Stocks have since rallied 4% from that Thursday low.
Here's what the chart looks like now … 
So, stocks are now down a little over 15% from the highs of early last year (which were record highs). 
And this decline from the highs wasn't just a garden variety correction in stocks, driven by a regime change in monetary policy (from easing to tightening). It was driven fear that the Fed would have to do a "Volker-like" attack on inflation, to get it under control — and with a 9% inflation rate last year, that would mean doubled-digit interest rates!  

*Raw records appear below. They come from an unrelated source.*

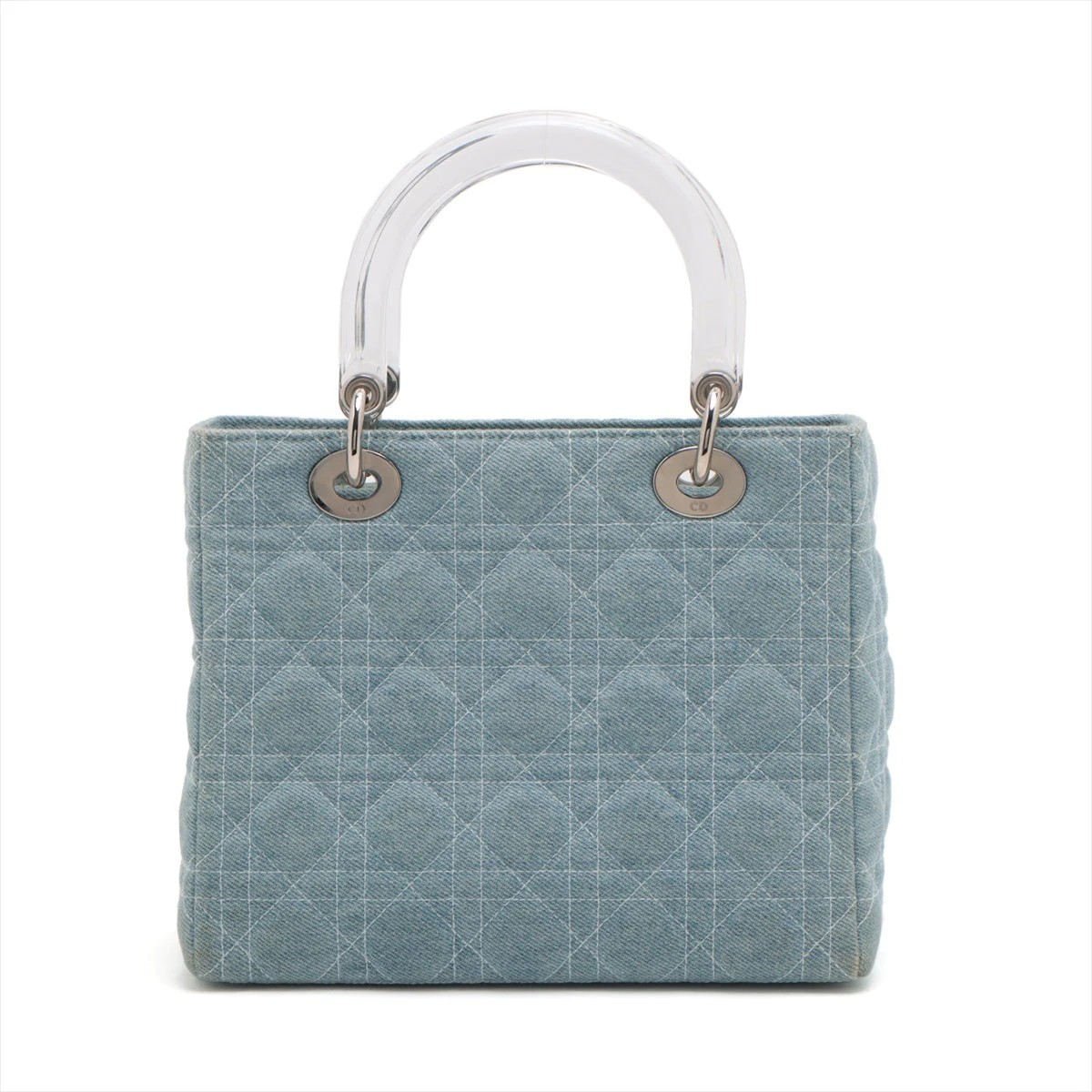 Dior デニムハンドバッグ Dior デニムハンドバッグ
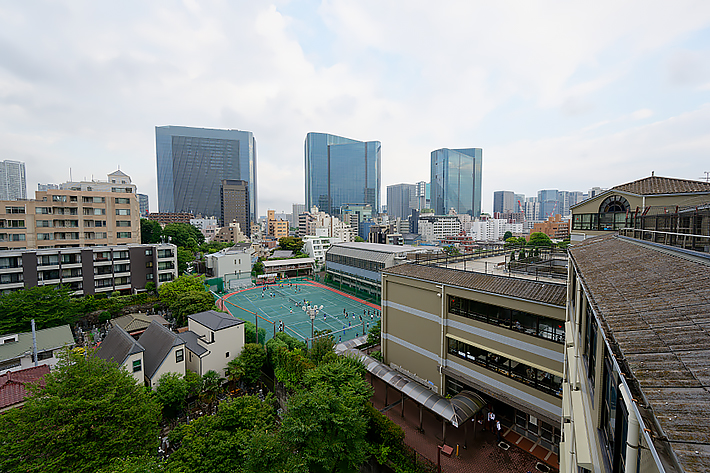 高輪中学高等学校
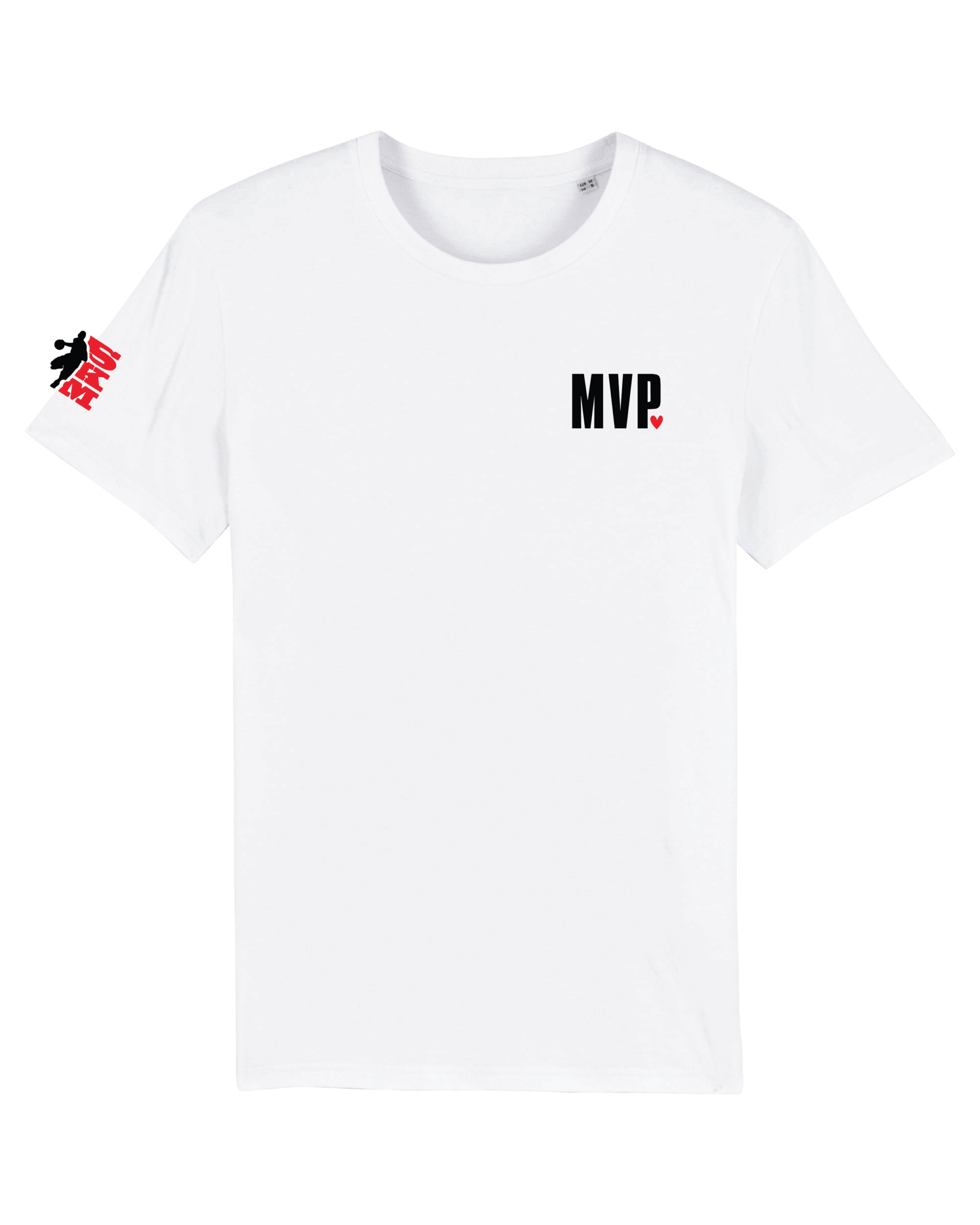 Marškinėliai „TĖTIS MVP“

Moreover, the decline was driven by the Fed's verbal threats on jobs and demand, and their explicit efforts to talk down the stock market (to damage wealth and confidence).
Lower stocks, and threats have done the trick.  They've gotten control of inflation (most importantly, inflation expectations are tame).
With the above in mind, when the Fed kicked off its tightening campaign a year ago, Jerome Powell said this about their plan: "Across the economy, we'd like to slow demand so that it's better aligned with supply; give supply time to recover, to get a better alignment of supply and demand.
On the supply note, the New York Fed said, today, that the global supply chain is "back to normal."